[ofa-general] Re: [PATCH 2.6.27] RDMA/Core: MEM_MGT_EXTENSIONS support

Roland Dreier rdreier at cisco.com
Fri Jun 6 11:53:54 PDT 2008


OK, I got this applied... thanks for the very detailed changelog entry,
that helps a lot.

I fixed up a few things here and there, including changing a few names
to what I thought were better ones -- however I am fine changing them
back (or changing names further) if anyone has suggestions.

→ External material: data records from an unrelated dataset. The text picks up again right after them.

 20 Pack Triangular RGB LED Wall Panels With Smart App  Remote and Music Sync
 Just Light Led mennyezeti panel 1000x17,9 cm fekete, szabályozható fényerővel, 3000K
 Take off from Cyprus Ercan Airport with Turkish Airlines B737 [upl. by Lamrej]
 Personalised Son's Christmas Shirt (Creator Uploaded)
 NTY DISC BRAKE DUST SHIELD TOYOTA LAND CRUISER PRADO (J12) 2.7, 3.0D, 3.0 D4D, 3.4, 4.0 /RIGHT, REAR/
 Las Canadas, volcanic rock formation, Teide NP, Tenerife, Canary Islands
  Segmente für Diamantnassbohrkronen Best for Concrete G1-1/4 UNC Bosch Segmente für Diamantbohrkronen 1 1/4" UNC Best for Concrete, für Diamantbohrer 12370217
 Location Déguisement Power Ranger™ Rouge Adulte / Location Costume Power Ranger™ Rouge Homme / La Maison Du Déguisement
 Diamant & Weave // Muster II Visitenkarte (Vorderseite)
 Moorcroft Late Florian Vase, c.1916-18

I also merged in Eli's patch to add IB_WC_WITH_INVALIDATE, and my patch
to add a ib_wc.ex.invalidate_rkey field.

Full details below.  I also pushed this out in my for-2.6.27 branch;
further improvements/cleanups/fixes/documentation clarification etc of
course welcome -- please send as patches on top of this one.

 - R.

---

[PATCH] RDMA/Core: Add memory management extensions support

This patch adds support for the IB "base memory management extension"
(BMME) and the equivalent iWARP operations (which the iWARP verbs
mandates all devices must implement).  The new operations are:

 - Allocate an ib_mr for use in fast register work requests.

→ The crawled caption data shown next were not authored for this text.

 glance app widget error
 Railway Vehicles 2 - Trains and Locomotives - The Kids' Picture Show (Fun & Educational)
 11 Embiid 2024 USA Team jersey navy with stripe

 - Allocate/free a physical buffer lists for use in fast register work
   requests.  This allows device drivers to allocate this memory as
   needed for use in posting send requests (eg via dma_alloc_coherent).

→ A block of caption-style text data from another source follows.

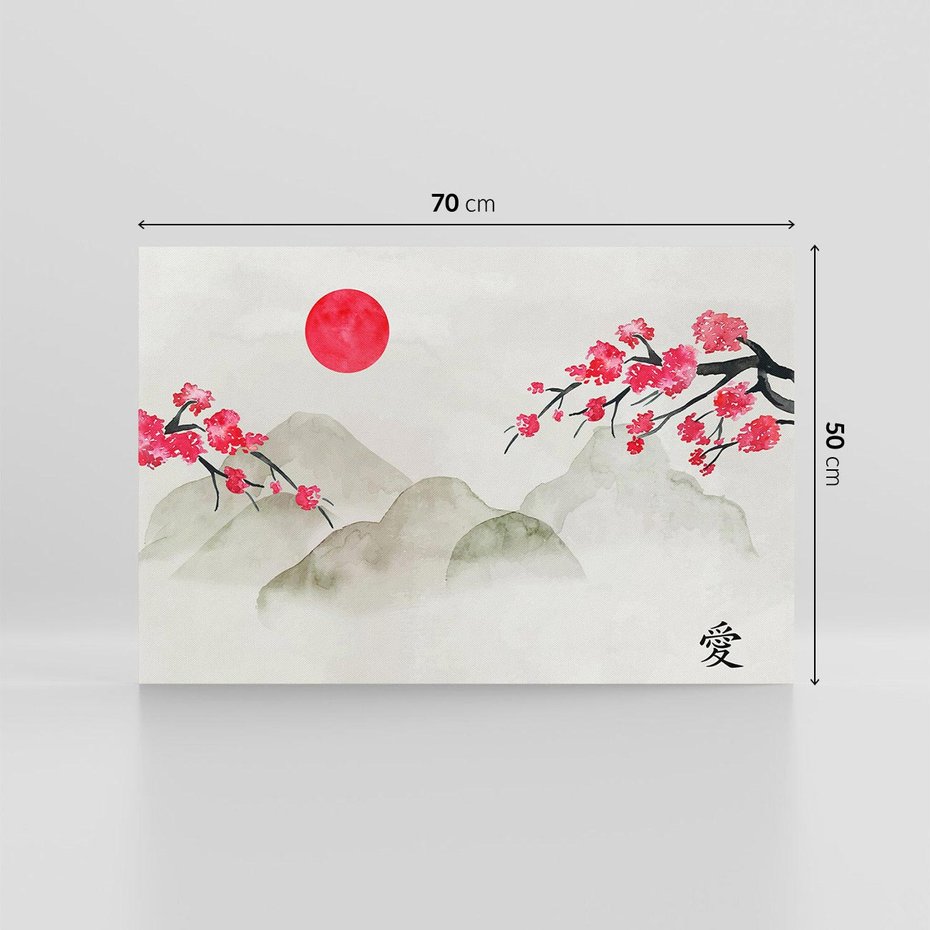 Obraz na płótnie 70x50 - Harmonia Japandi - styl japandi, japonia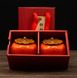 Подарунковий набір чаю Хурма з імператорського саду Молочний Улун та Лапсанг Сушонг 100г, Китай id_8624 фото 9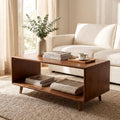 39" Rectangular Solid Wood Coffee Table P144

 - New send queue work requests:
   * send with remote invalidate
   * fast register memory region
   * local invalidate memory region
   * RDMA read with invalidate local memory region (iWARP only)

Consumer interface details:

 - A new device capability flag IB_DEVICE_MEM_MGT_EXTENSIONS is added
   to indicate device support for these features.

 - New send work request opcodes IB_WR_FAST_REG_MR, IB_WR_LOCAL_INV,
   IB_WR_RDMA_READ_WITH_INV are added.

 - A new consumer API function, ib_alloc_mr() is added to allocate
   fast register memory regions.

 - New consumer API functions, ib_alloc_fast_reg_page_list() and
   ib_free_fast_reg_page_list() are added to allocate and free
   device-specific memory for fast registration page lists.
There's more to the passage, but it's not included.